Gerard Manly Hopkins
I don’t believe in God. I don’t believe in Tessa either. How can I believe in something that is right in front of me? True seeing is no longer believing, and believing is not truly seeing.
I have a relationship with God. I also have a relationship with Huckleberry Finn. Whether God and Huck exist is wholly immaterial to my relationships with them. Most of the world is unaware that Tessa exists, yet my relationship with her is just as vital and vibrant, regardless of anyone’s awareness.
If it is possible to set aside the ontological questions about God, one word remains to describe Hopkins’ poetry: powerful. He mixes God and people through the sensuousness of nature. Poetry without sensuousness is like swimming without water.

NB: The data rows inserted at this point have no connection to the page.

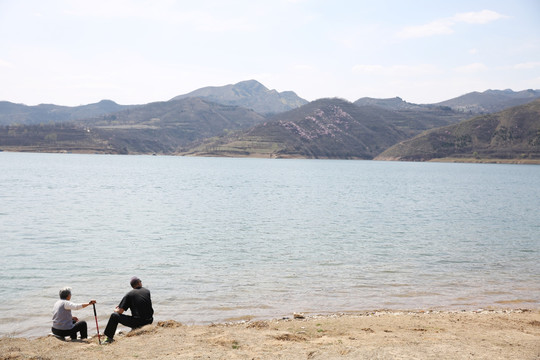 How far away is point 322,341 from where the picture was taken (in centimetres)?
1348

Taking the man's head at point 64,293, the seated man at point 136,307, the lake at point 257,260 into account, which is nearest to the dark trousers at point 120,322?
the seated man at point 136,307

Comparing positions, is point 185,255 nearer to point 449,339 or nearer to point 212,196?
point 449,339

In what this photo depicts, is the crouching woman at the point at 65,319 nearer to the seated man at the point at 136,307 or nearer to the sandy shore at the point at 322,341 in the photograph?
the sandy shore at the point at 322,341

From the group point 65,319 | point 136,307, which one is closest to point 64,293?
point 65,319

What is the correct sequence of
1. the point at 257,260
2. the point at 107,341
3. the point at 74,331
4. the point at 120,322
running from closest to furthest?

The world is charged with the grandeur of God.
It will flame out, like shining from shook foil;
It gathers to a greatness, like the ooze of oil
Crushed. Why do men then now not reck his rod?
Generations have trod, have trod, have trod;
And all is seared with trade; bleared, smeared with toil;
And wears man’s smudge and shares man’s smell: the soil
Is bare now, nor can foot feel, being shod.
And for all this, nature is never spent;
Glory be to God for dappled things—
For skies of couple-colour as a brinded cow;
For rose-moles all in stipple upon trout that swim;
Fresh-firecoal chestnut-falls; finches’ wings;
Landscape plotted and pieced—fold, fallow, and plough;
And all trades, their gear and tackle and trim.